The ovule is the female reproductive organ of the seed plants . It is located in the angiosperms in the ovary , in the gymnosperms on the seed scale. From it the seed develops after fertilization .

Research history

The ovule was first described by Nehemiah Grew (1671). Grew found a small hole in the ovule's shell that reminded him of the bunghole on beer and wine kegs. He assumed that it also served to pass air through during fermentation . It was not until 1806 that Pierre Jean François Turpin correctly assigned this “micropyle” a function in fertilization. For a long time , the interior of the ovule appeared as a homogeneous tissue surrounded by one or more sheaths. In 1888 Eduard Strasburger was the first to describe the reduction in the number of chromosomes ( meiosis ) in cells in the ovule.

Position in the ovary

Depending on their orientation in the ovary, a distinction is made between upright, hanging and horizontal ovules.

Middle positions between upright and horizontal are referred to as ascending, and between horizontal and hanging as descending.

construction

The ovules are exposed in the nude; in the Bedecktsamern they are enclosed in the ovary.
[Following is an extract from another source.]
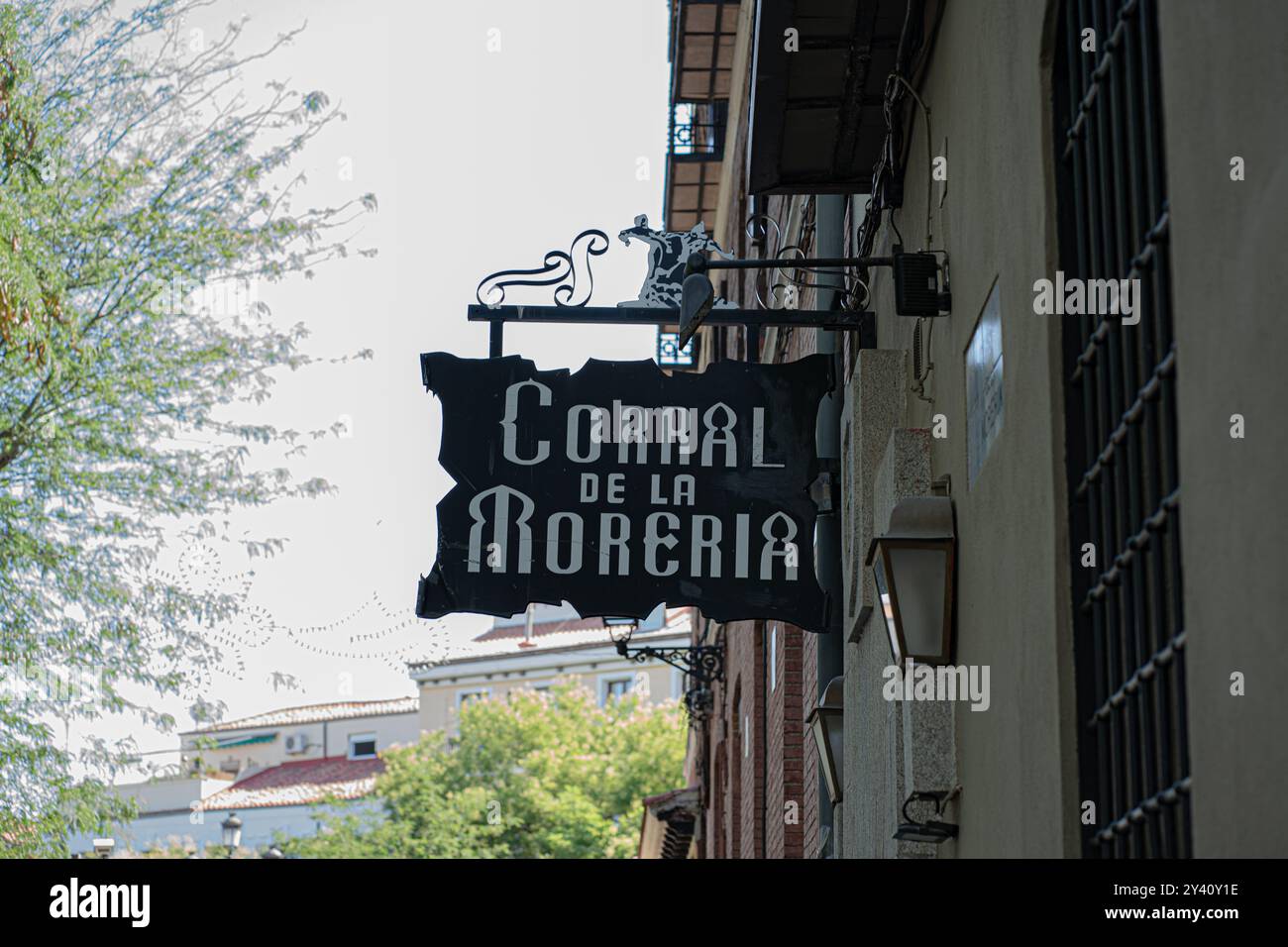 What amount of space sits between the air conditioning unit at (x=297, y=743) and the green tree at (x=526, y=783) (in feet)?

With the stem ( funiculus ) the ovule of which is placenta at the carpel attached. It usually has one or two (rarely three) shells, the integuments . Depending on the number of envelopes, one speaks of unitegmic , bitegmic or tritegmic ovules. Naked people basically have only one integument, most covered people two. The integuments enclose the actual mega sporangium , the nucellus . Ontogenetically , the nucellus is formed first. The integuments on the nucellus then grow upwards from below. In bitegmic species the inner arises before the outer. In the flowering plants, which are primarily bitegmic, the rarer form of a unitegmic ovule can arise in several ways:

  • One of the two integuments stops growth early.
  • The base of the integuments grows up through intercalary growth, so that only the tip consists of two integuments, but this is no longer clearly visible.
  • From the beginning, only one integument is formed.

In some parasitic plants the integuments are completely absent, for example in the Loranthaceae .

The point at which the ovule is connected to the funiculus is called the (outer) navel or hilum . The transition zone between funiculus and nucellus is called chalaza . On the side opposite the chalaza, where the integuments meet, they leave an opening free, the micropyle .

The often elongated fusion point of ovule and funiculus is called raphe (Greek final stress ραφή 'seam') and is noticeable in seeds from opposing ovules, it can be dorsal or ventral . Growths ( elaiosome , arillode) of raphe are referred to as strophiole (sprouts), outgrowths of the seed coat on the micropyle as caruncula , both usually also as "seed calluses". An obturator is a structure that facilitates the entry of the pollen tube into the egg cell. Morphologically, it usually arises in the placenta or the funiculus and grows into micropyle.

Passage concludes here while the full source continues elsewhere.